_PROBLEM DETAILS:_
Reproduce exactly, from the data that follows, the line with "Iron End Coil", the line with "Minoom 5Q0980546A Front", and every line that lies between them.

[Crawled caption data]
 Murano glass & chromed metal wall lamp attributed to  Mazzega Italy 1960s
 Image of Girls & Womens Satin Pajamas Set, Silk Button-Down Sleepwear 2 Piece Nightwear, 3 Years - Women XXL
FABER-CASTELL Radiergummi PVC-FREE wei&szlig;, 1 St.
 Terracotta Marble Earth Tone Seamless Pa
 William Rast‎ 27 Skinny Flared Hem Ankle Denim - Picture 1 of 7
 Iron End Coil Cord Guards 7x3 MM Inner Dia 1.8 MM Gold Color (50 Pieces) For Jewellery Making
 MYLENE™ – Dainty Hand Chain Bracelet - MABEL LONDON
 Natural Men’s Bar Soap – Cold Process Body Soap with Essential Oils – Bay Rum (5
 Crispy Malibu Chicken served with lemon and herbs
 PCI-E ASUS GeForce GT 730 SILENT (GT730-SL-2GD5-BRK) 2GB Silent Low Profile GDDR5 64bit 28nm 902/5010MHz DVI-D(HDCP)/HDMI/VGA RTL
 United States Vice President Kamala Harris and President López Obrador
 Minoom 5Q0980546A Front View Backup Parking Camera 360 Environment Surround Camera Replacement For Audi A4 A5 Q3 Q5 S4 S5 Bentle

--

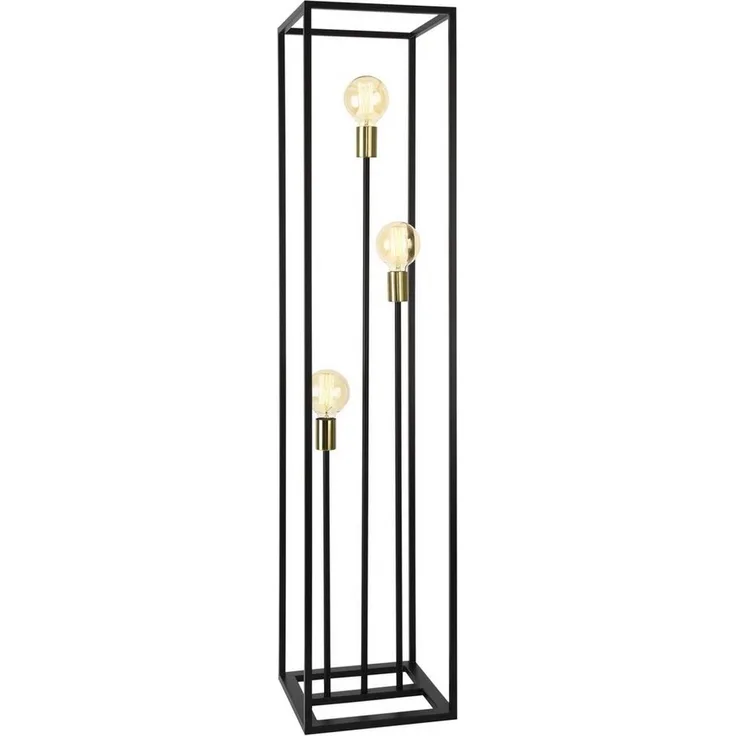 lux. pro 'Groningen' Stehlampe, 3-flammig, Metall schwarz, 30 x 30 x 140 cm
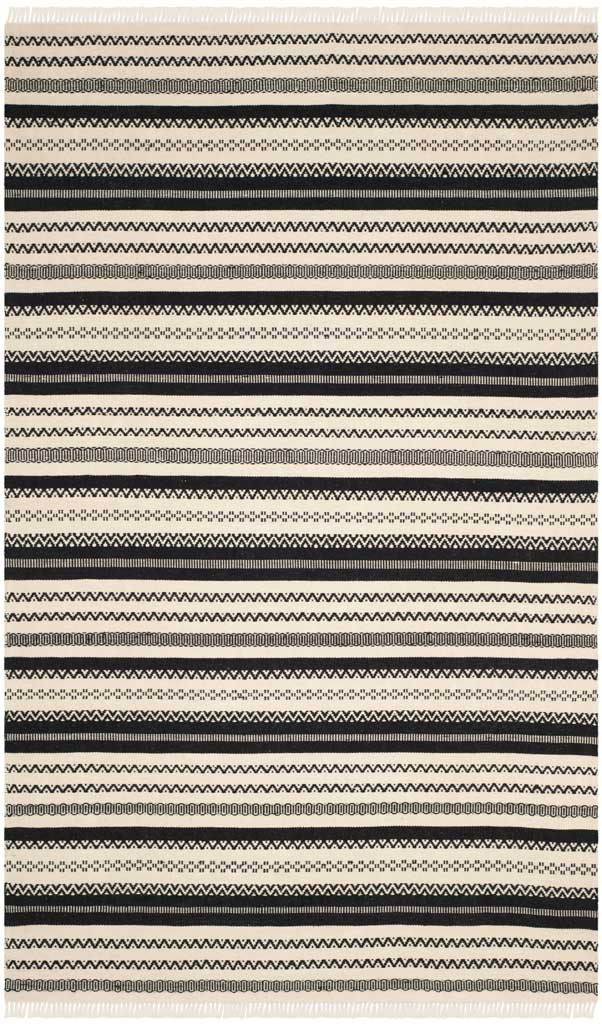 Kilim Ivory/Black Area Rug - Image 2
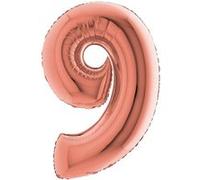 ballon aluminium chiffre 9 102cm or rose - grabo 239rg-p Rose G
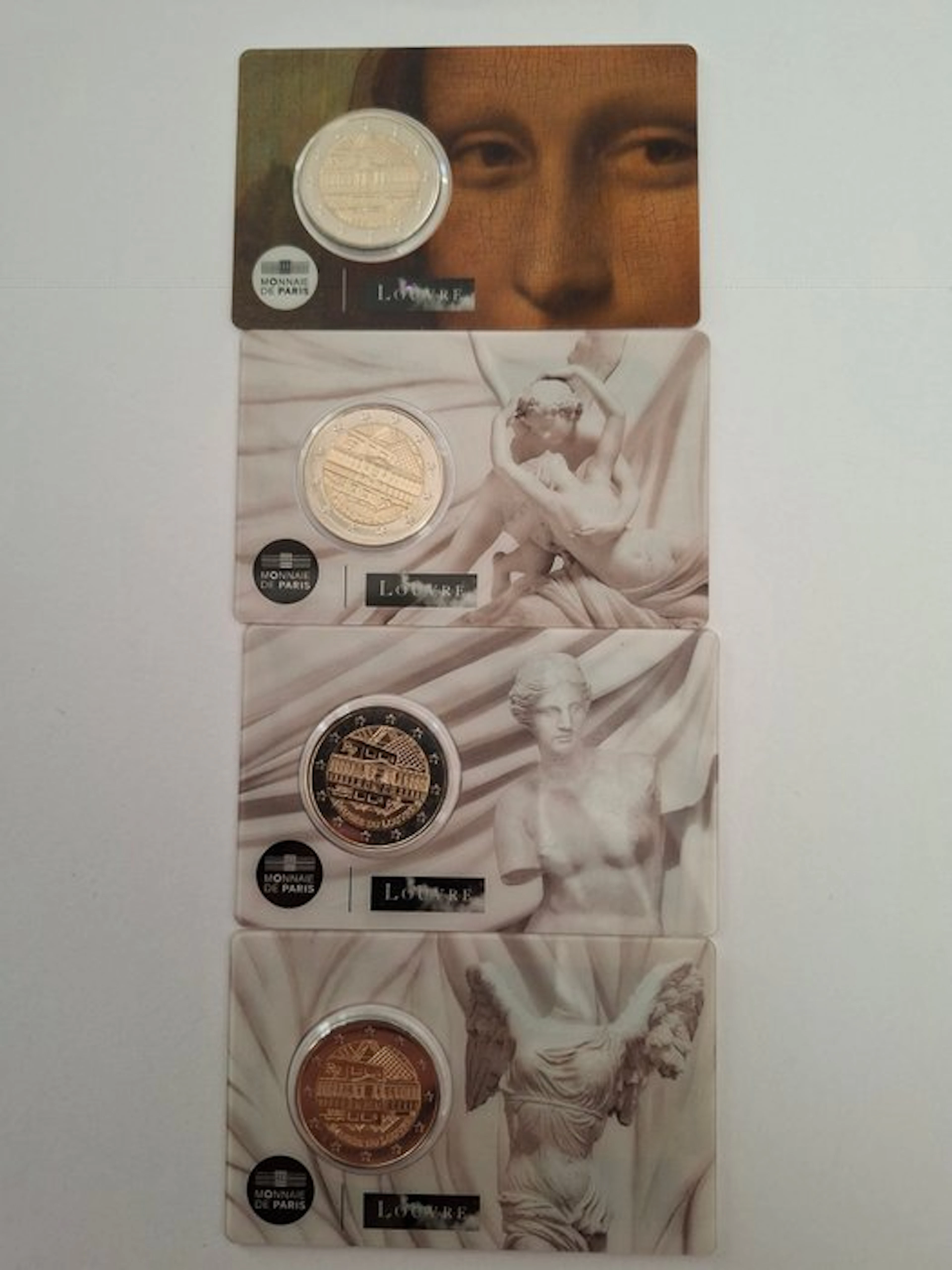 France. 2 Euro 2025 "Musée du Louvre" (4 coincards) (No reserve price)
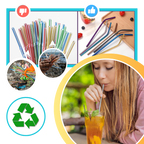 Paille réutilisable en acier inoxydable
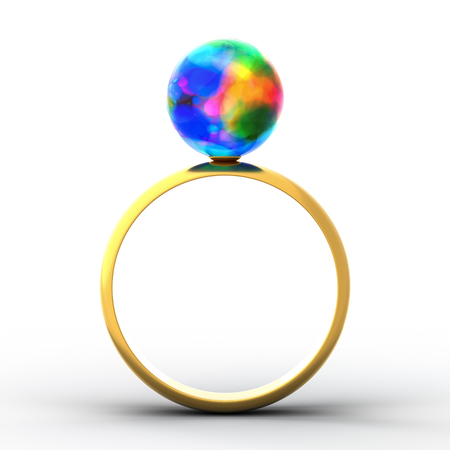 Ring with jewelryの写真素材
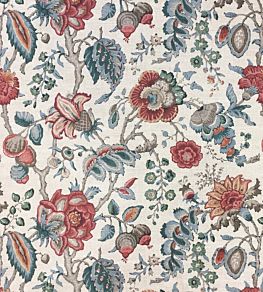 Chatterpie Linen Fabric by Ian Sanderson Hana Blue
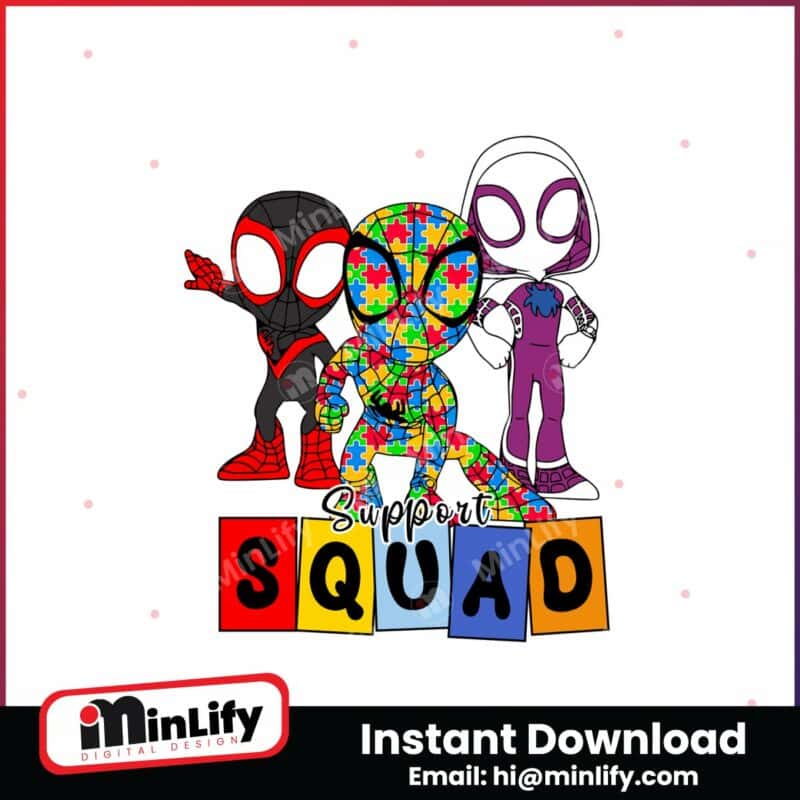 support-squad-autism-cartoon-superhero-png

_RESULT FOR THIS EXERCISE:_
 Iron End Coil Cord Guards 7x3 MM Inner Dia 1.8 MM Gold Color (50 Pieces) For Jewellery Making
 MYLENE™ – Dainty Hand Chain Bracelet - MABEL LONDON
 Natural Men’s Bar Soap – Cold Process Body Soap with Essential Oils – Bay Rum (5
 Crispy Malibu Chicken served with lemon and herbs
 PCI-E ASUS GeForce GT 730 SILENT (GT730-SL-2GD5-BRK) 2GB Silent Low Profile GDDR5 64bit 28nm 902/5010MHz DVI-D(HDCP)/HDMI/VGA RTL
 United States Vice President Kamala Harris and President López Obrador
 Minoom 5Q0980546A Front View Backup Parking Camera 360 Environment Surround Camera Replacement For Audi A4 A5 Q3 Q5 S4 S5 Bentle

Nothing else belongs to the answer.